Free Download Wesley Beal, "Campus Fictions: Exemption and the American Campus Novel "
English | ISBN: 3031499107 | 2024 | 241 pages | EPUB, PDF | 1437 KB + 4 MB
Campus Fictions argues that the academic novel balances utopian and regressive tendencies, reinforcing the crises we face in higher learning while simultaneously signposting hope for a worn institution. Whether a bestseller such as Erich Segal ‘s romance Love Story (1970) or wonkier fare such as Don DeLillo’s White Noise (1985), the academic novel mystifies the academy not only to a wide public but also―worse―to readers who might describe themselves as sympathetic to higher learning. The book takes an eclectic approach to the academic novel with chapters discussing, for example, the genre’s rampant anti-intellectualism and its work refusals, studying novels such as Ishmael Reed’s Japanese by Spring (1993) and Julie Schumacher’s Dear Committee Members (2014). The book is also accompanied by the "Directory of the American Campus Novel " file, which tracks the genre by year, by setting, and by other datapoints that readers might make use of. Responding directly to Jeffrey Williams, the renowned scholar of critical university studies who implores faculty to "teach the university," the book ‘s conclusion describes strategies for putting these novels into circulation in the classroom.
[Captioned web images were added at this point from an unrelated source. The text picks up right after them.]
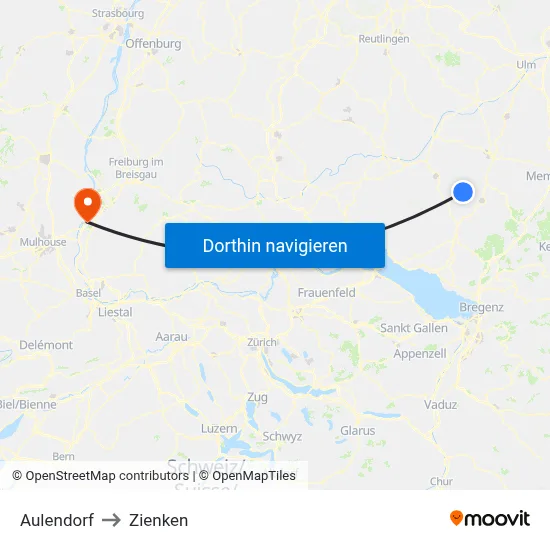 Aulendorf to Zienken map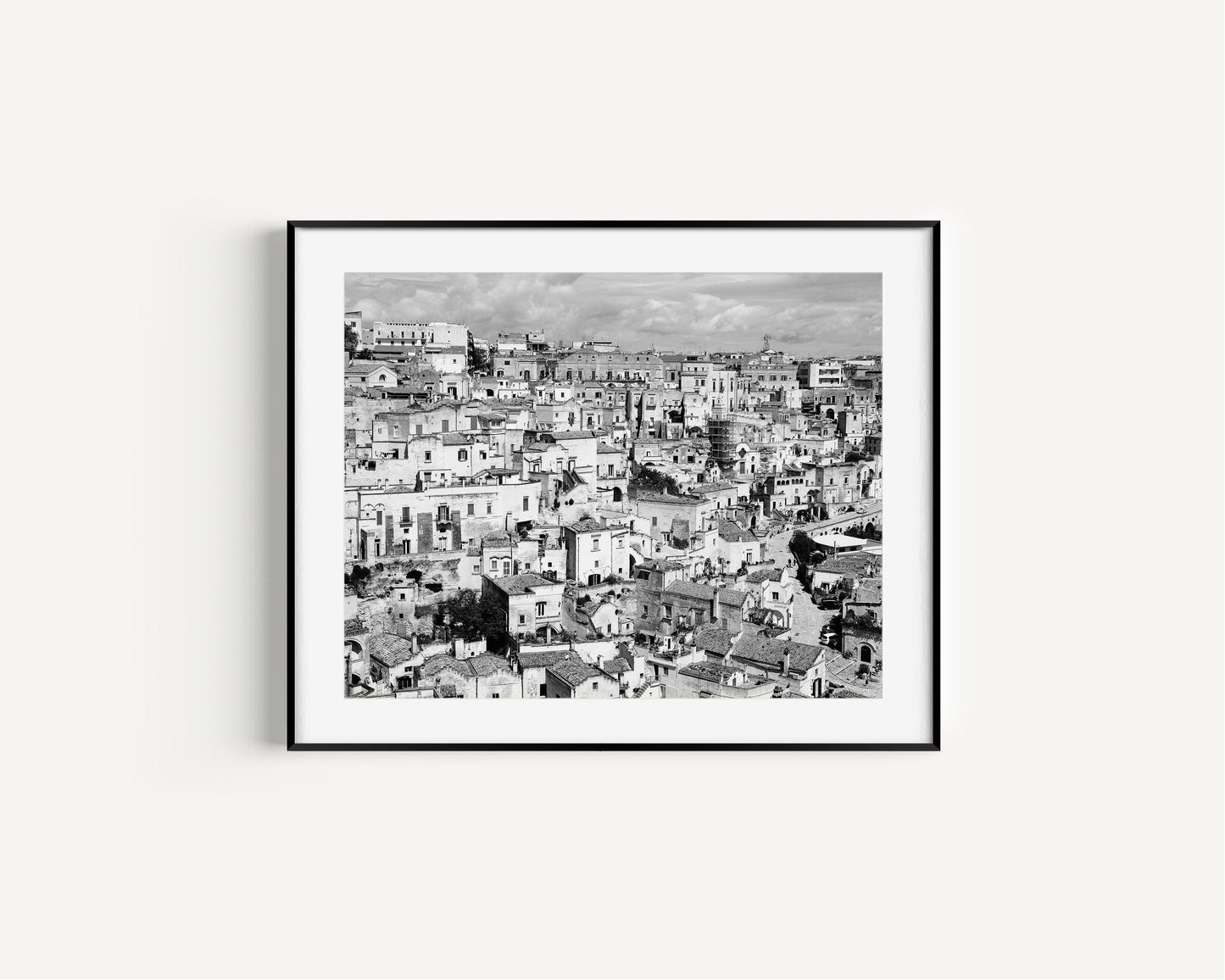 Black and White Matera Cityscape | Italy Photography Print - Departures Print Shop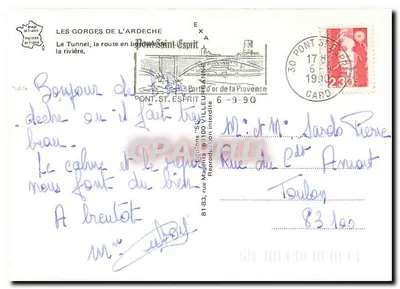 Gorges da Ardèche — O Tunel, a estrada ao longo da margem do rio — Edições 'S.L.' — Verso
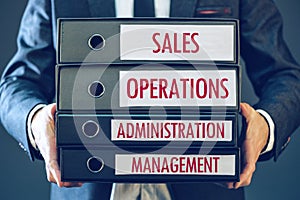 Four core business functions - sales, operations, administration photo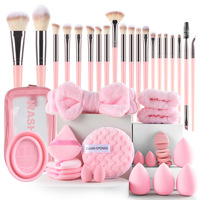Ensemble de 42 pinceaux de maquillage professionnels avec éponge de maquillage pour anticernes, taille voyage, poils synthétiques, manche en plastique, outils de maquillage portables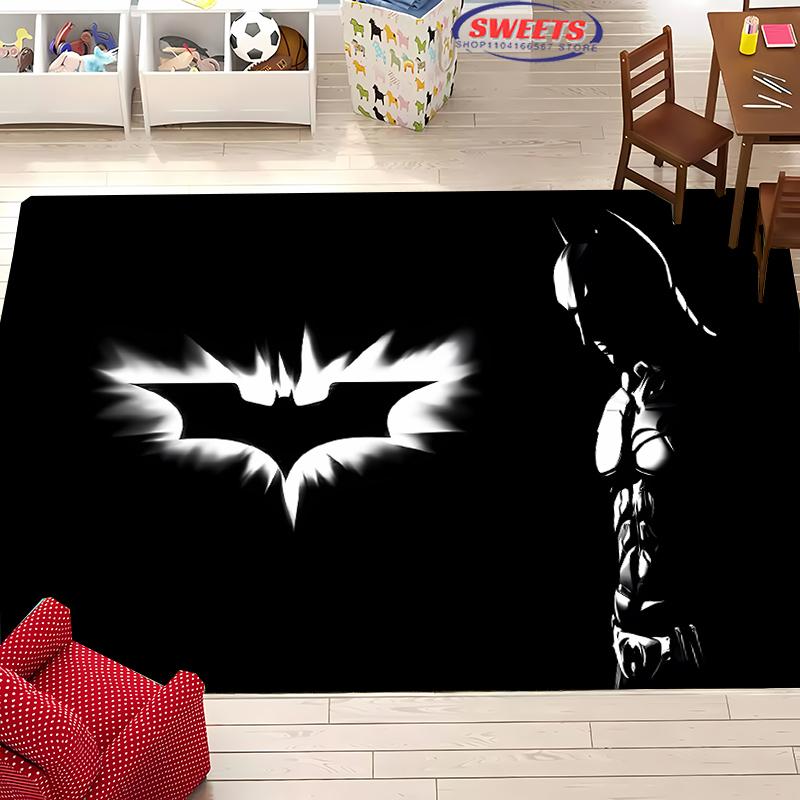 Tapis Logo DC Batman Nouvelle Sortie ! Tapis pour Salon Chambre d'Enfants, Zones de Chevet et de Bureau, Tapis Durable Lavable en Machine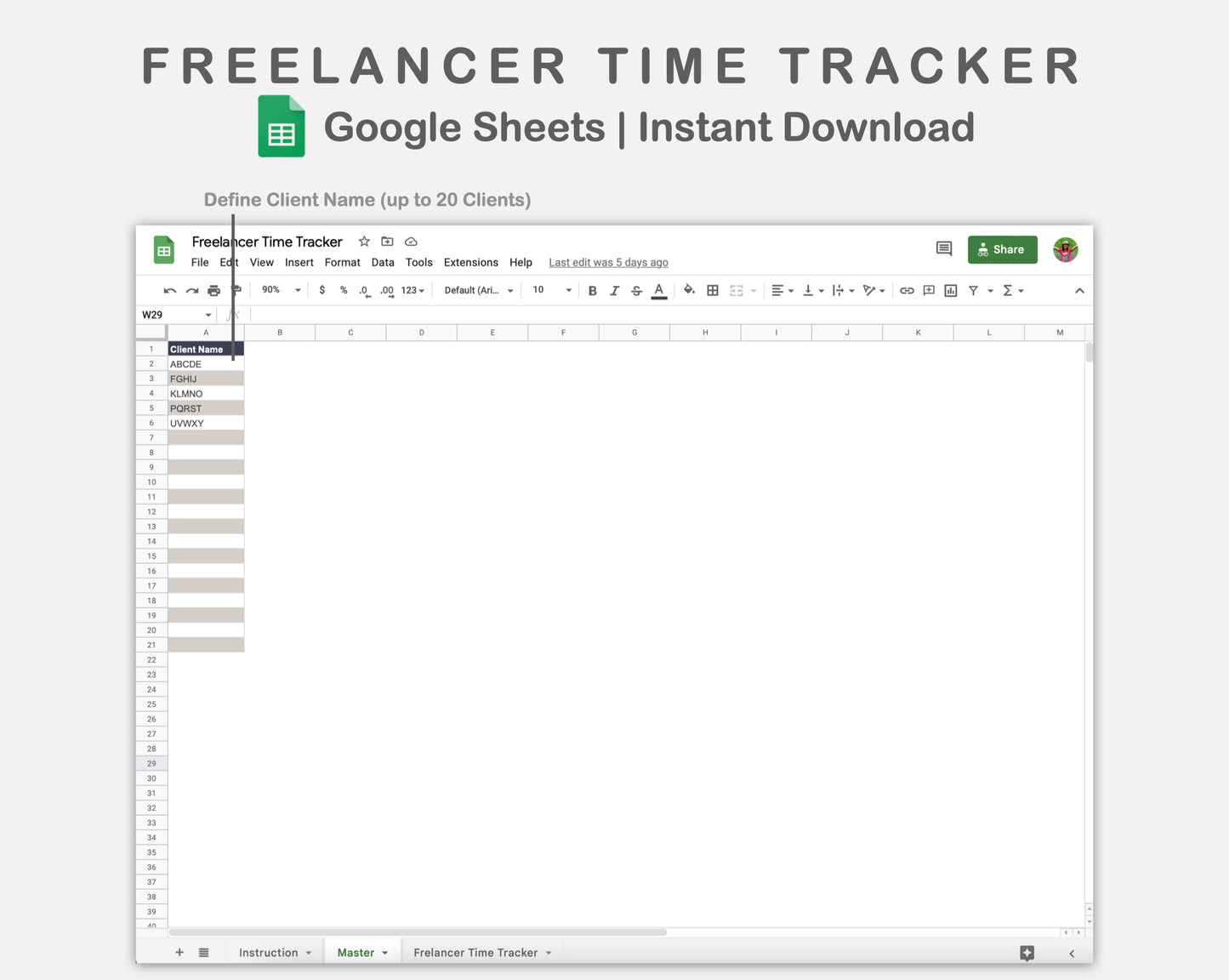 Google Sheets - Freelancer Time Tracker - Sweet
Through this breadth, Campus Fictions establishes the importance of maintaining hope in the field of critical university studies, which tends toward apocalypticism and perhaps therefore toward disengagement.

(more…)

Fictions of Gender Women, Femininity, and the Zionist Imagination


Free Download Fictions of Gender: Women, Femininity, and the Zionist Imagination (McGill-Queen’s Azrieli Institute of Israel Studies) by Orian Zakai
English | June 15, 2023 | ISBN: 022801705X, 0228017068 | True EPUB | 208 pages | 3 MB
In the wake of the #MeToo movement, gender scholars and activists have asked whether a reconcilliation between Zionism and feminism is possible in the current political landscape. Fictions of Gender explores the contemporary controversies surrounding both Zionism and feminism, and how they are prefigured in the experiences and legacies of early Zionist women.